While Hamburger's and Palmer's erudite contributions nestle the manuscript within a bundle of larger contexts--visual and literary, devotional and intellectual, social and material--they also open pathways for it to flutter into other domains of inquiry. Perhaps it might make its way, as a comparandum, into discussions of medieval Japanese emaki, painted handscrolls that let private beholders witness the unfolding of Buddhist and Shinto sacred narratives, their journeys punctuated by written captions. Perhaps it might find itself examined by media theorists, to whom it will surely offer fresh insights into the communicative potentials of text and image and even sound--recall that the images themselves are filled with evocations of speech acts, which would have gained in impact if the added prayers were murmured aloud.
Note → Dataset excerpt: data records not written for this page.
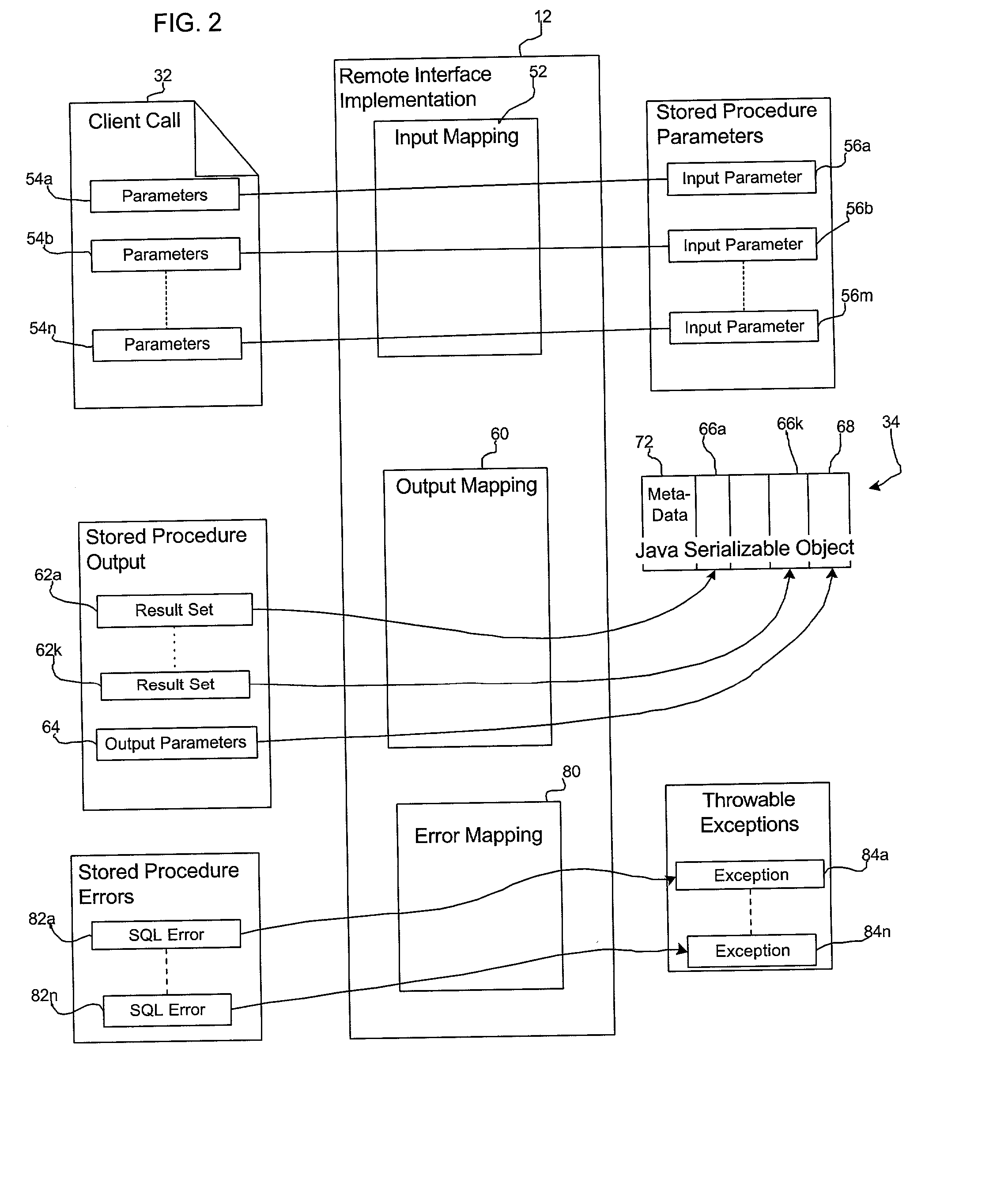 Method, system, and program for invoking stored procedures and accessing stored procedure data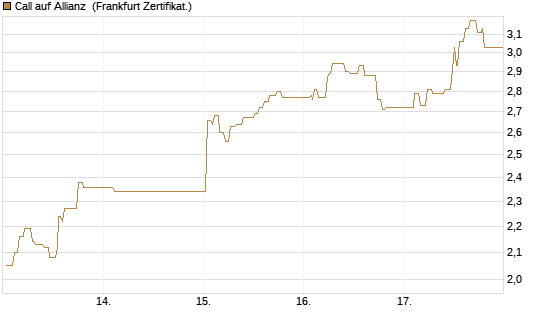 Call auf Allianz [UBS AG (London)] Chart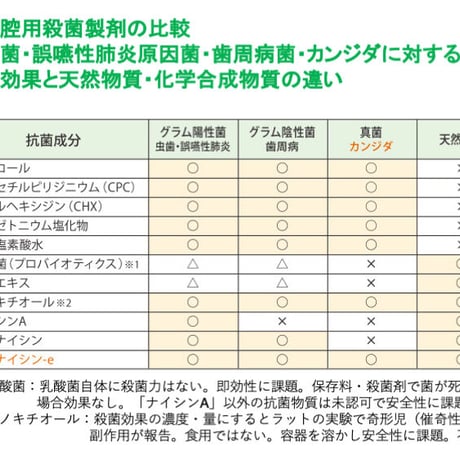 サーフィン・海水浴後のオーラルケア【アフターサーフ オーラルピース】 バクテリア対策に乳酸菌ペプチド特許製剤ネオナイシン-e配合 ケミカルフリー宇宙技術で体と海を守る口腔衛生保湿液 雨後72時間の海に
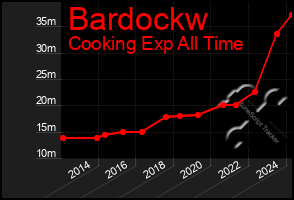 Total Graph of Bardockw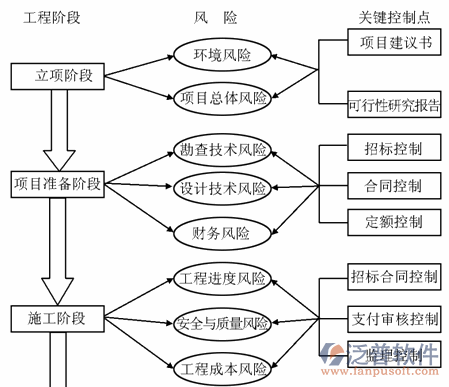 erp企业作用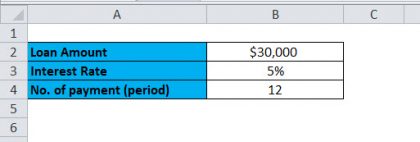 RATE Function in Excel (Formula, Examples) | How to Use RATE in Excel?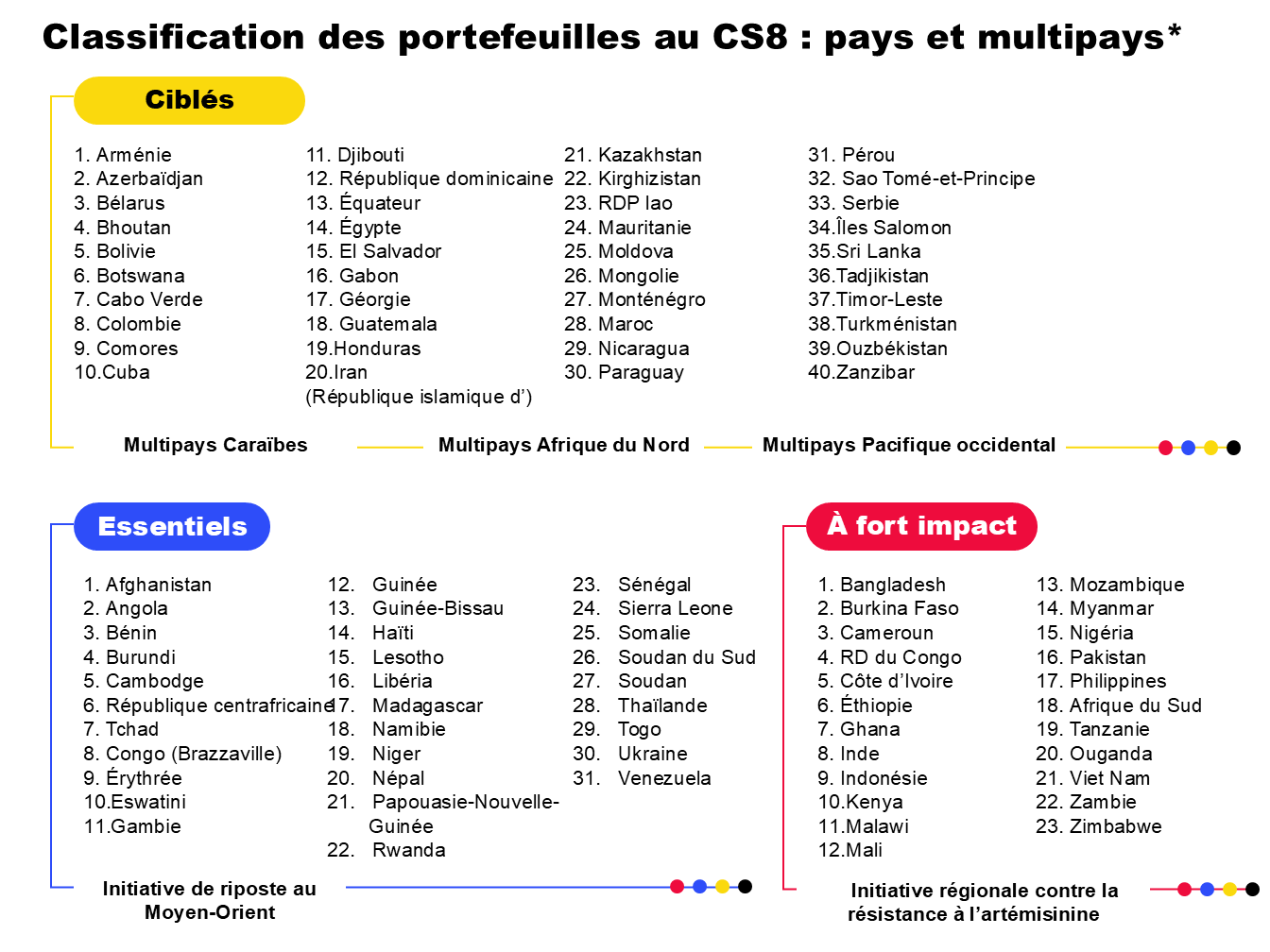 Table listing countries according to their Global Fund portfolio categorization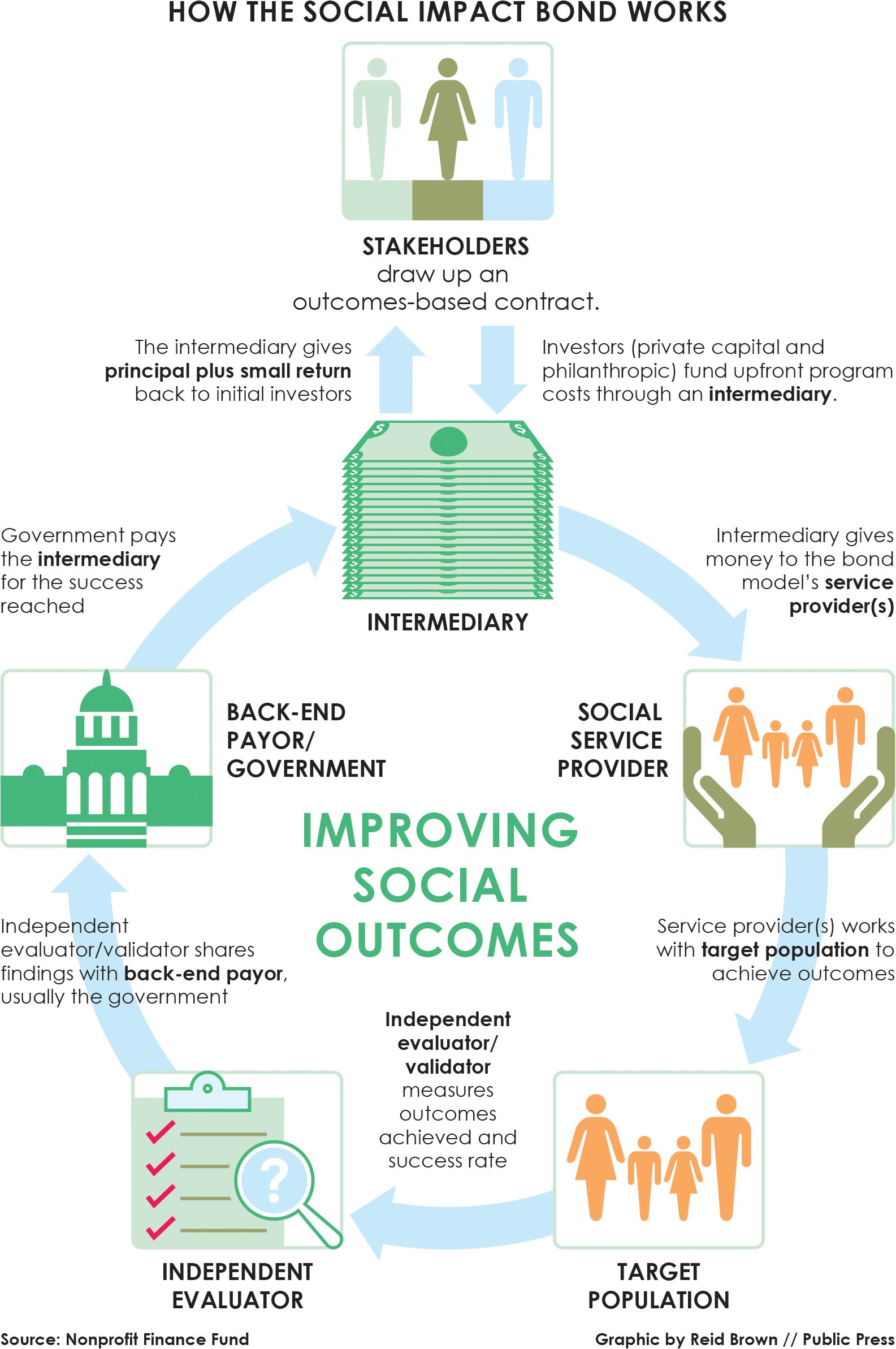 Social Impact Bond Showcase New Circle Chart For Web 0 Housing Innovation Collaborative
Perhaps, too, it will land on the shoulders of gender historians, urging them to ask afresh whether only men could have made these extraordinary pictures and prayers. The widely publicized discovery of lapis lazuli in the teeth of a nun buried in the medieval convent at Dalheim has brought renewed attention to the activity of women in monastic scriptoria, and placing the Begerin manuscript into closer dialogue with known female productions (such as Hamburger explored in his 1997 book Nuns as Artists) might allow it to sing with new inflections. Whatever paths it takes, the many domains of Medieval Studies should be grateful to Hamburger and Palmer for illuminating this remarkable manuscript with their research, to Bürger and the Bern libraries for preserving and protecting it, and to the many institutions whose financial support allowed it to land, in such magnificent form, on desks the world over. Mirabile visu indeed.